On the day scheduled for a health check to run, Veeam Backup & Replication starts a new health check session. For each restore point in the standard backup chain, Veeam Backup & Replication calculates CRC values for backup metadata and compares them to the CRC values that were previously saved to the restore point. Veeam Backup & Replication also checks whether data blocks that are required to rebuild the restore point are available.

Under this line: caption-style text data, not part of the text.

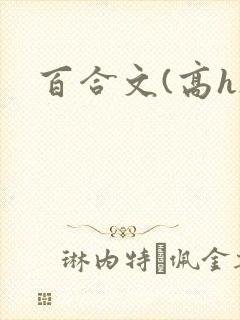 百合文(高h)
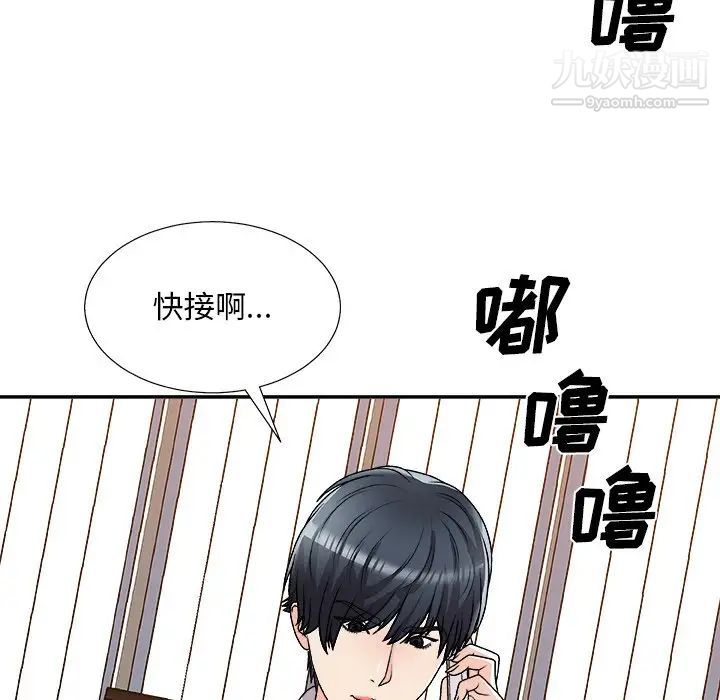 主播小姐第83話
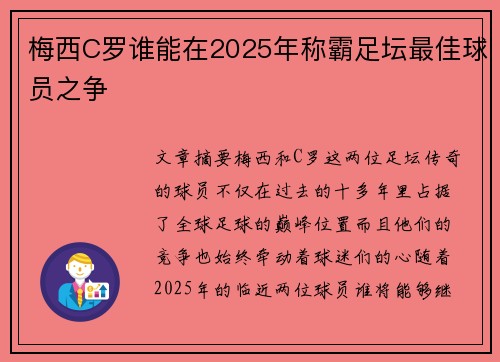梅西C罗谁能在2025年称霸足坛最佳球员之争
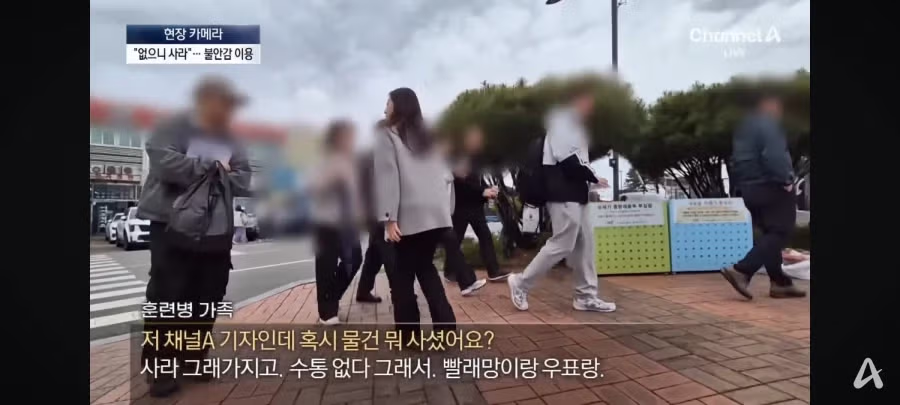 “군마트엔 없어요”…훈련소 앞 부모 마음 겨냥한 상술 14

If Veeam Backup & Replication does not detect data inconsistency, the health check session completes successfully. Otherwise, the session completes with an error. Depending on the detected data inconsistency, Veeam Backup & Replication performs the following operations:
- If the health check detects corrupted metadata in a full or incremental restore point, Veeam Backup & Replication marks the backup chain as corrupted in the configuration database. During the next backup job session, Veeam Backup for Proxmox VE copies the full instance image, creates a full restore point in the backup repository and starts a new backup chain in the backup repository.
- If the health check detects corrupted disk blocks in a full or an incremental restore point, Veeam Backup for Proxmox VE marks the restore point that includes the corrupted data blocks and all subsequent incremental restore points as incomplete in the configuration database. During the next backup job session, Veeam Backup for Proxmox VE copies not only those data blocks that have changed since the previous backup session but also data blocks that have been corrupted, and saves these data blocks to the latest restore point that has been created during the current session.